A questão, todavia, é que a alteração constitucional foi implementada, de sorte que passou a haver, a partir de então – e como decidido pelo STF em 2021 – duas relações tributárias: (i) uma entre vendedor e Estado em que situado; e (ii) outra entre vendedor e Estado de destino. Para esta segunda, a exigência do tributo precisava da lei complementar, o que foi ignorado pelos Estados, mesmos contra uma clara orientação da assessoria jurídica do CONFAZ[i]. Trazer essa comparação com o cenário anterior à EC 87/2015 pode conduzir retoricamente à conclusão de que as Fazendas estariam “perdendo” arrecadação de forma injustificada. No entanto, o ponto é outro. A partir de 2015, a Constituição estabeleceu uma nova competência tributária para os Estados de destino, que foi exercida de forma inconstitucional pelos Entes Federados. E sendo este o caso, a carga tributária validamente exigível era igual a zero.
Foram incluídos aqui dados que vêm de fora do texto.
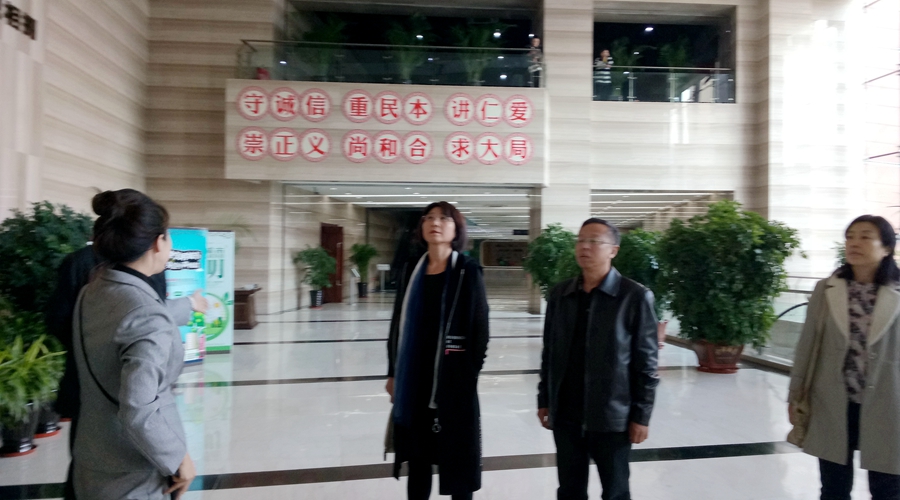 P71019-142442_副本.jpg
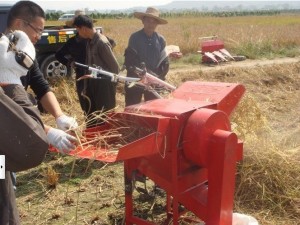 The farming machine of grain thresher,reliable performance rice corn thresher machine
Logo, não há “perda”; pelo contrário, há “ganhos” indevidos há pelo menos 7 anos, em sua maior parte irrecuperáveis pelos contribuintes, face à modulação de efeitos definida pela Corte.

Por fim, quanto ao art. 24-A da LC 87/96, introduzido pela LC 190/2022, entendeu o Min. Relator que não haveria inconstitucionalidade, uma vez que o prazo concedido para adequação dos contribuintes a contar da disponibilização do Portal Nacional do DIFAL, “embora se caracterize como óbice ao início imediato da cobrança do DIFAL, não traduz comportamento excessivo do legislador”. Em outras palavras, compreendeu o Relator que o prazo concedido seria razoável e, por esse motivo, não haveria ofensa à divisão de competências definida na Constituição.

Para além dos aspectos destacados neste breve artigo, haveria outras questões passíveis de discussão, todas elas relevantes. Não obstante, o tema ainda deve se desenvolver no decorrer da próxima semana, à medida em que os demais Ministros disponibilizarem seus votos. O julgamento no Plenário Virtual tem previsão de encerramento na próxima sexta-feira (30/09), sendo que, caso haja pedido de destaque por algum dos julgadores, a sessão é interrompida e o caso vai para o julgamento presencial.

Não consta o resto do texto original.